AEA’s anti-exports position is not helped by the “facts” the group is marshaling to defend its position that free trade for energy products will cause economic harm.
Take, for instance, AEA’s claim that “a report from the U.S. Department of Energy says unlimited LNG exports will enrich natural gas producers at the expense of all consumers.”
There’s just one problem: The report says exactly the opposite.
The AEA webpage doesn’t link to the report, prepared by NERA Economic Consulting at the direction of the U.S. Department of Energy (DOE), so I will. And I want to draw your attention to page 55, in which the report’s findings about the benefits to consumers are made crystal clear:
- “All export scenarios are welfare-improving for U.S. consumers.”
- “Consumers, in aggregate, are better off as a result of opening up LNG exports.”
- “In fact, the U.S. consumers are better off in all of the export volume scenarios that were analyzed.”
Then there’s AEA’s attempt to play the price card.
Unfortunately for AEA – but fortunately for U.S. consumers — expert after expert has shown that the economic benefits to the country from LNG exports are significant and outweigh any potential domestic natural gas price increases.

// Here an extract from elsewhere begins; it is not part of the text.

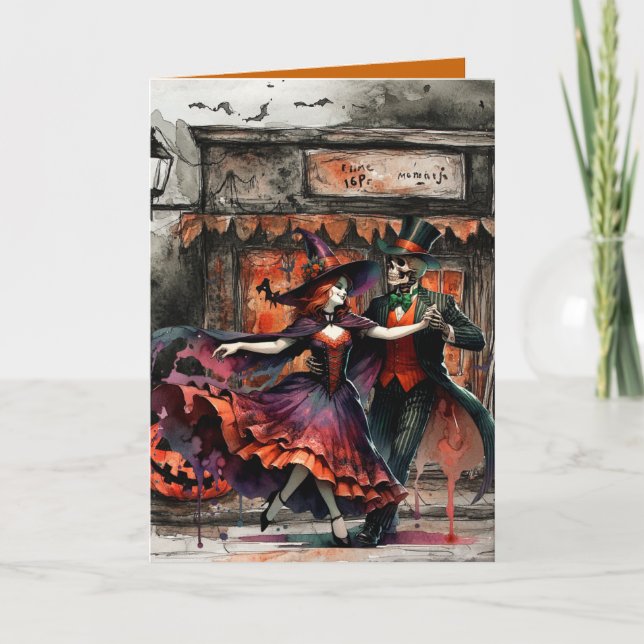 Cartão de Halloween das Bruxas Dançando (Frente)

The DOE-commissioned report finds that “natural gas price changes attributable to LNG exports remain in a relatively narrow range across the entire range of [possible] scenarios.”

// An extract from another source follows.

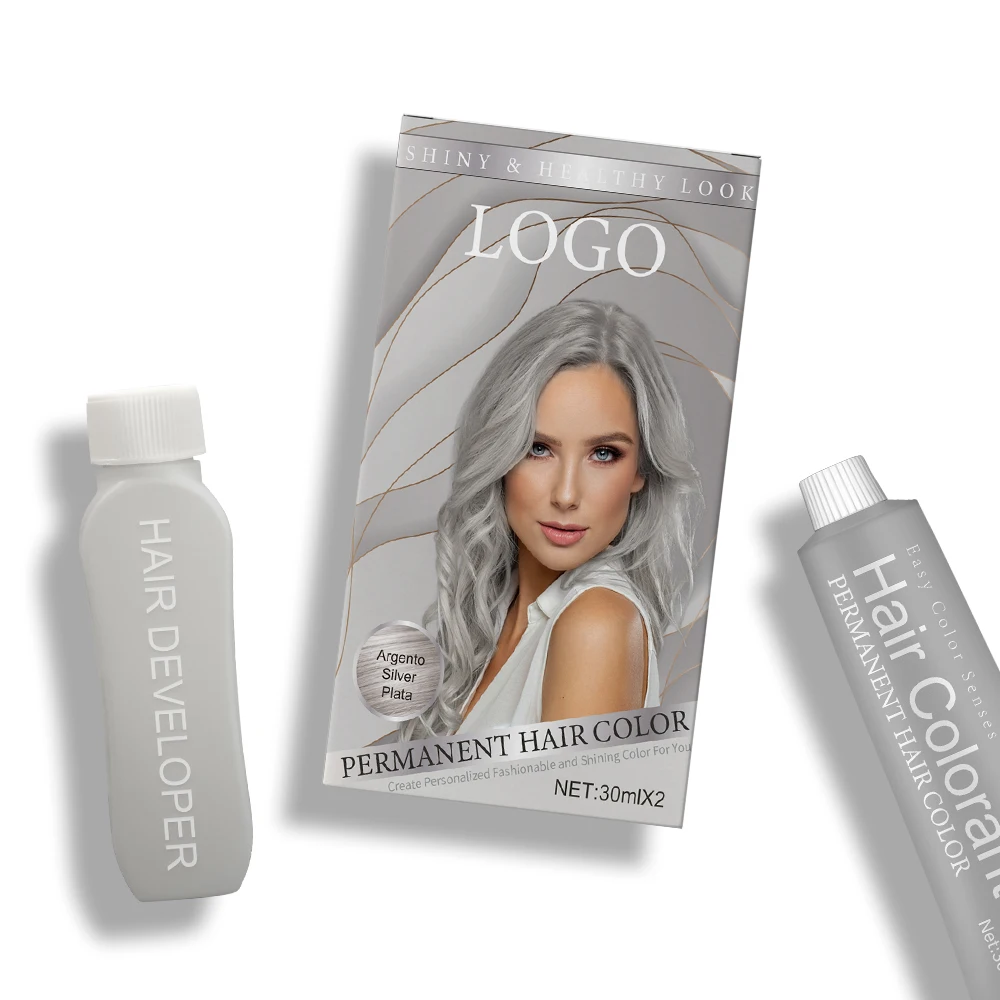 Бытовая краска для волос, набор для потребителей, серый натуральный ингредиент, блестящий Перманентный цветной крем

“The bottom line,” according to Rice University’s Baker Institute, is that “certification of LNG exports will not likely produce a large domestic price impact.”

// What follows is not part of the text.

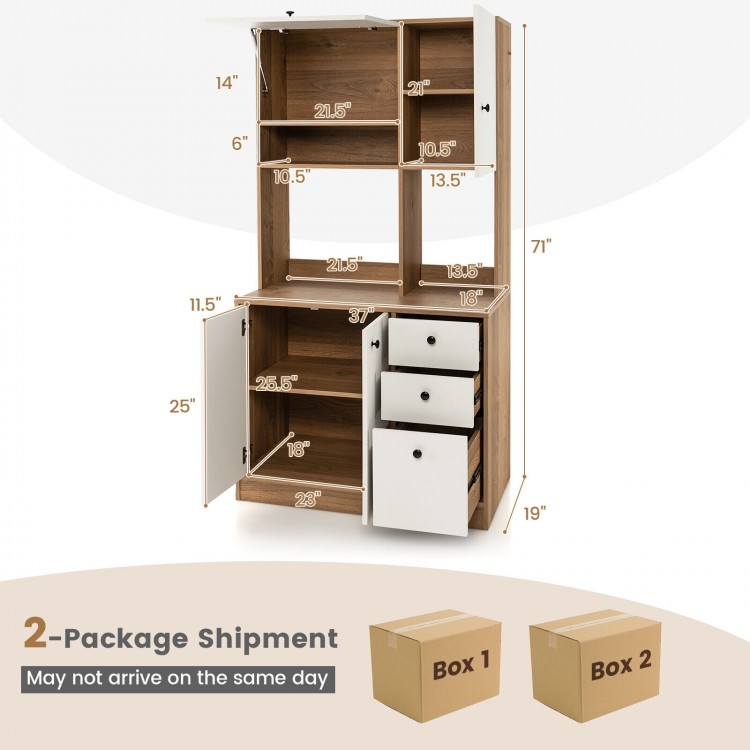 71-inch kitchen pantry in white featuring 3 cabinets and 3 deep drawers, ideal for kitchen and dining room storage.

Why? The U.S. Energy Information Administration offers one clue: “The availability of large quantities of shale gas should enable the United States to consume a predominantly domestic supply of gas for many years and produce more natural gas than it consumes” (emphasis mine).
There is an additional explanation, which the Brookings Institution notes: “Natural gas producers will likely anticipate future demand from LNG exports and will increase production accordingly, limiting price spikes.”
Give Brookings and others credit for recognizing that our economy is dynamic, not static, and that both consumers and producers react to market changes and other signals on a continuous and ongoing basis.
These expert views should carry weight. So should the trade associations of which several AEA companies are members. To that point, the American Chemistry Council, the National Association of Manufacturers and the Chamber of Commerce have weighed in with forceful declarations supporting free trade.
Facts are powerful things – and they should drive our public dialogue about energy issues and trade.
For this very reason, the public and policymakers should carefully verify the claims coming from America’s Energy Advantage and compare them to the long list of well-respected economists and industry groups who affirm the benefits that will flow to America’s economy and workers if we allow free trade in natural gas.